By sepi 23 October 2008 93

Water restrictions have been very tough on gardeners. And likewise on car owners who like to keep their cars looking shiny and clean.

The restrictions have been imposed on us for a long time now.

Initially most people complied willingly with restrictions, as a short term measure to get us through the drought. But years later the restrictions are quite tiresome. And our dams are now full over 50%.

Garden watering beginning at 7PM is really too late for most people. It is dark before daylight savings, and even when it is light, it is dinner time in most households.

The heat of the sun is long gone by 4PM, so perhaps restrictions could be eased to allow watering from 4PM. Car washing could also be allowed using a trigger hose. Both of these measures have just been introduced in Sydney.

Sydney gardeners have also been given a special allowance to water any new plants every day for a month after purchase. That sounds like a great idea – although hard to monitor.

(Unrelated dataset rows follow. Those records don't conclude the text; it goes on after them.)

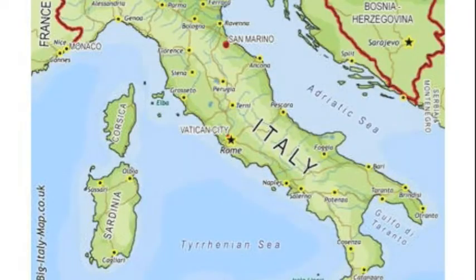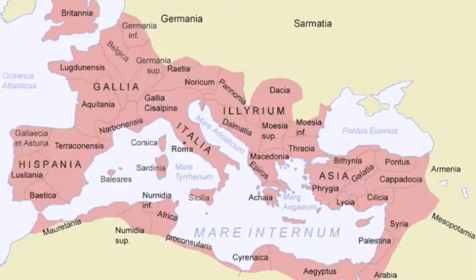Here's a couple of maps as far as geography goes. This is Rome, or Italy today, and it's just like the little boot. And this is back then when it was the Roman Empire.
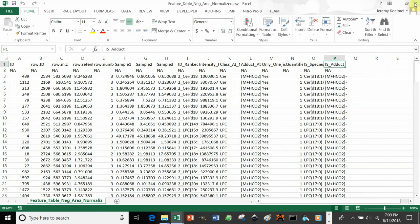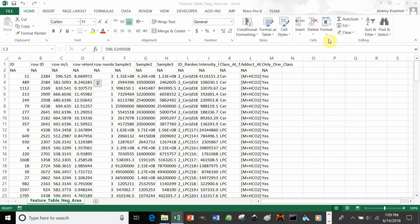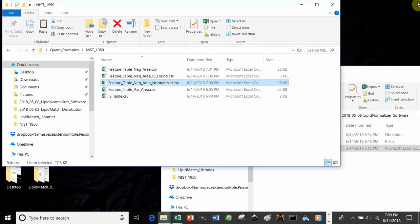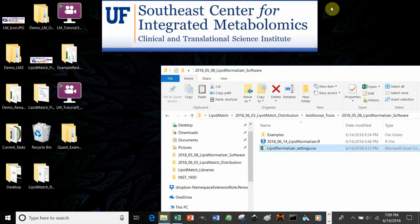After normalization, you can look at the statistics video using MetaboAnalyst to continue your workflow.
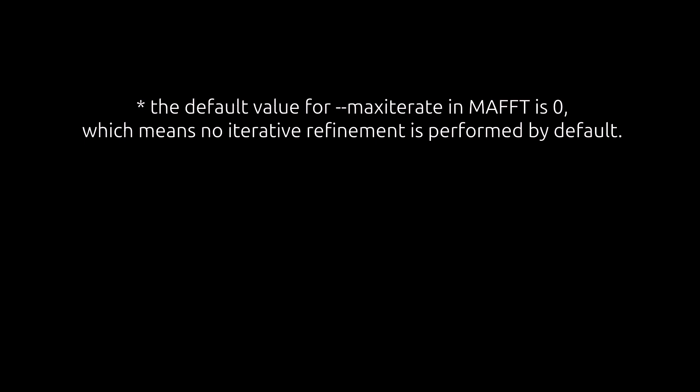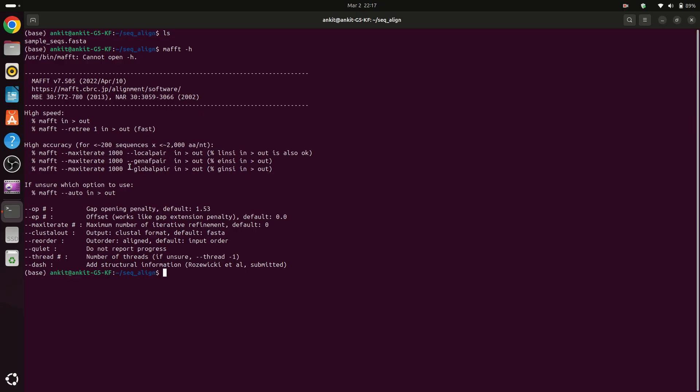So what are the important options here? First see that we have maxiterate for maximum number of iterative refinements. It means that MAFFT will align your sequences multiple times and then it will store the consensus sequences.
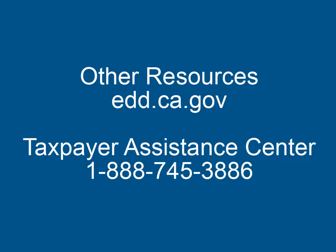Be sure to watch our other tutorials that demonstrate how to upload a bulk return file, submit a bulk rate inquiry, and the many other actions available in eServices for Business. Other resources are available at edd.ca.gov or by calling the Taxpayer Assistance Center at 1-888-745-3886.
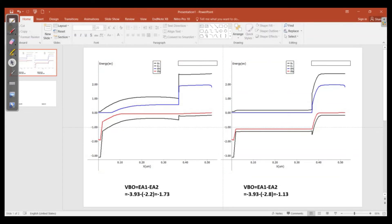We copy and compare the energy level diagrams. In the first case, with affinity at 2.2 eV, the valence band offset was small, making it easy for holes to move from the perovskite to the Spiro interface. However, when we increase the affinity to 2.8 eV, a spike forms, making it very difficult for holes to move from the perovskite to the Spiro layer.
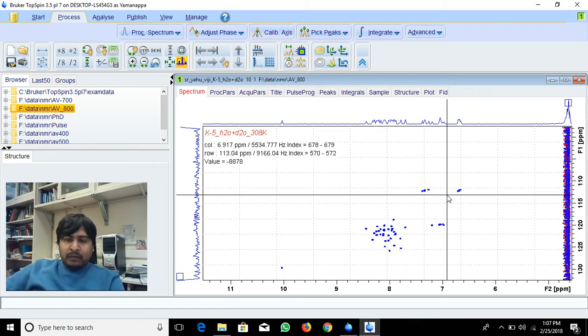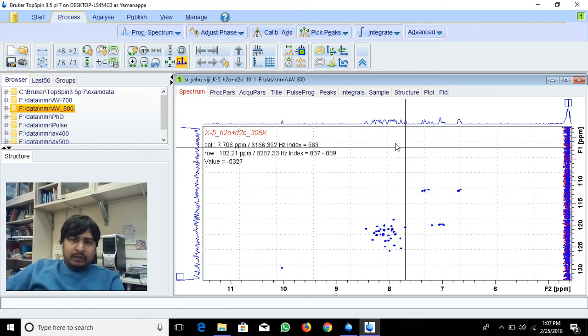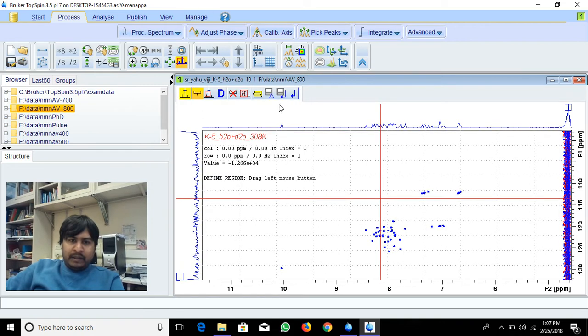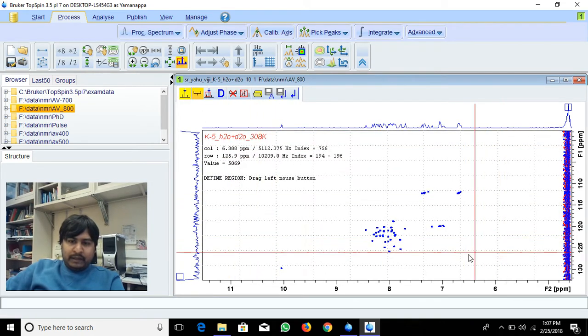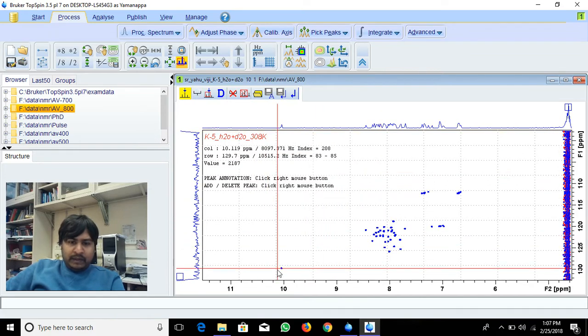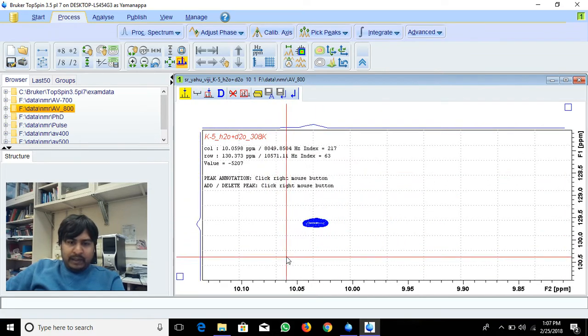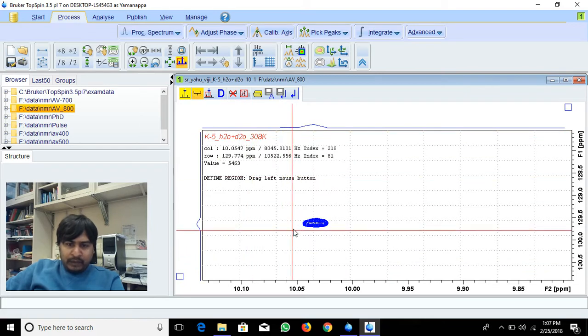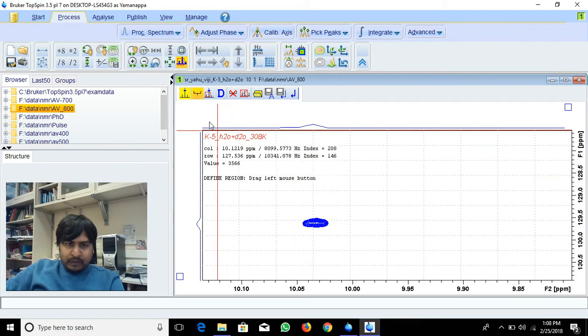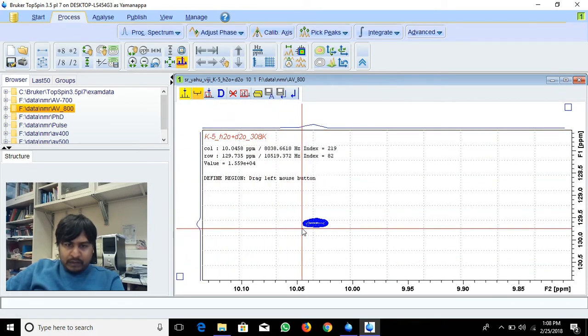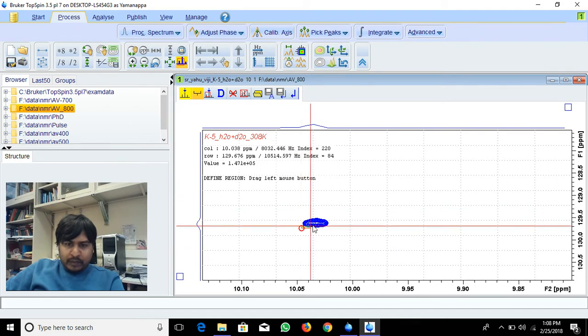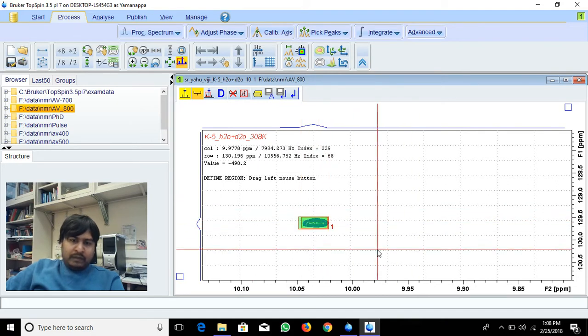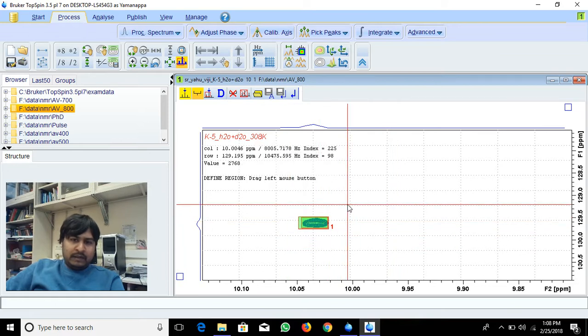In the Monday tutorial we did peak picking in processing, and here we have to select and drag. Same thing you can do here, but you have to select the proper area. If you want to drag, select the peak picking mode, select the proper area and release it. This is how the peak will be selected.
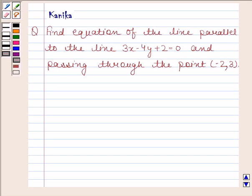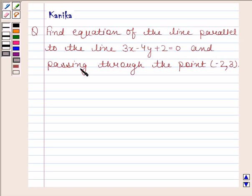Hi and welcome to our session. Let us discuss the following question. Find the equation of the line parallel to the line 3x minus 4y plus 2 is equal to 0 and passing through the point minus 2, 3. Now before solving this question,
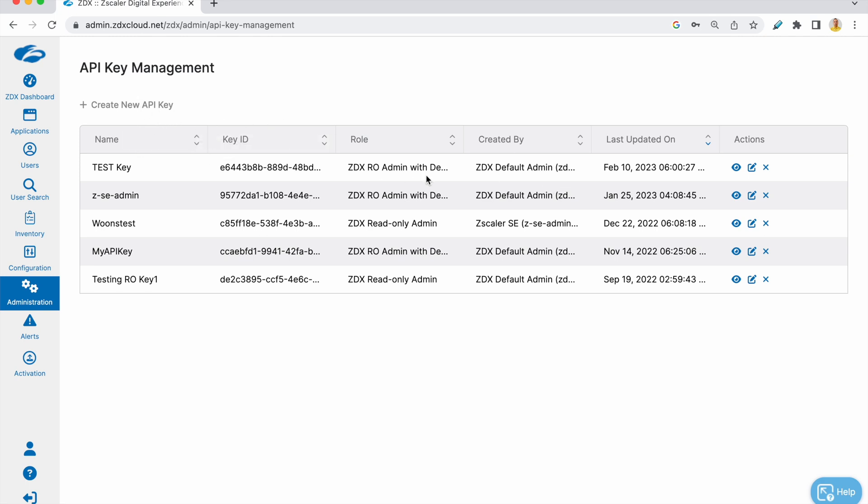And assign it the role which you'd like to assign, so you can just give it a read-only role or a read-only role with deep tracing based on what your purposes are.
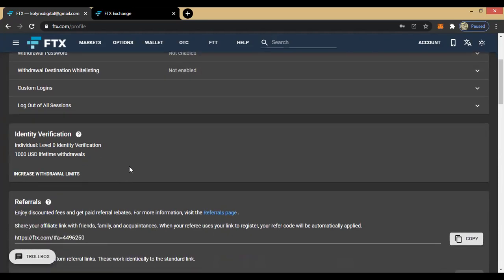Now let's come to the juicy part — the identity verification area. Here they have individual Level 0 identity verification, which is my current level. I haven't verified my account, so I'm allowed only $1,000 USD lifetime withdrawals. If you just register the account and don't do any form of verification, you can only withdraw $1,000 total throughout your lifetime.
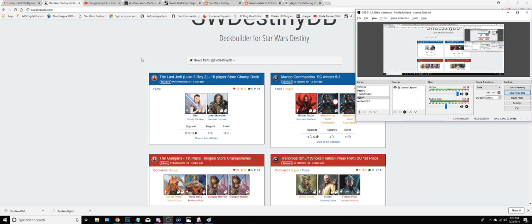Hey everybody, Bobby Sapphire here. We're just going to do a quick one-minute tutorial on how to download a deck from Star Wars Destiny DB and import it into TTS.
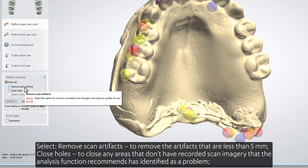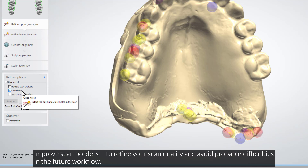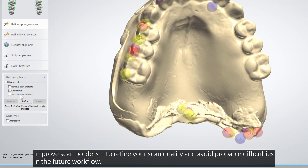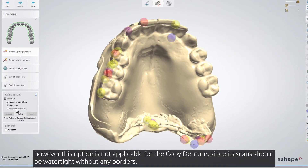Close Holes closes any areas that don't have recorded scan imagery that the analysis functions have identified as a problem. Improve Scan Borders refines your scan quality and avoids probable difficulties in the future workflow. However, this option is not applicable for the copy denture, since its scans should be watertight without any borders.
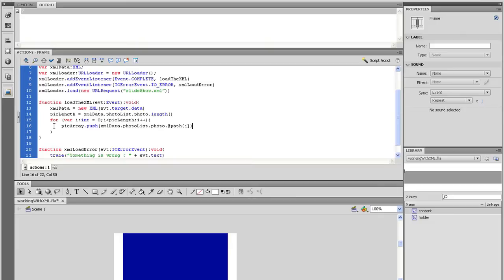So the first time it runs the loop, it starts at 0 and then it runs the code inside. Then it goes back to the top and see if i is still less than pickLength. It is. So it runs the code again and now i is equal to 1. And then it continues this process until the statement i is less than pickLength is no longer true.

New plants do need a lot more water than established plants, so it makes sense to allow people to maintain existing gardens adequately, rather than letting them die off, and then be renewed with gallons of water in the future.

It would also be nice if the government were able to maintain some of our large street trees which are dying off fast, and will cost thousands to cut down and replant. Whole blocks of trees are dying on limestone avenue.

If Canberra ever manages to form a new government, it might be a good time for them to think about some new and friendlier water restrictions.

What’s Your opinion?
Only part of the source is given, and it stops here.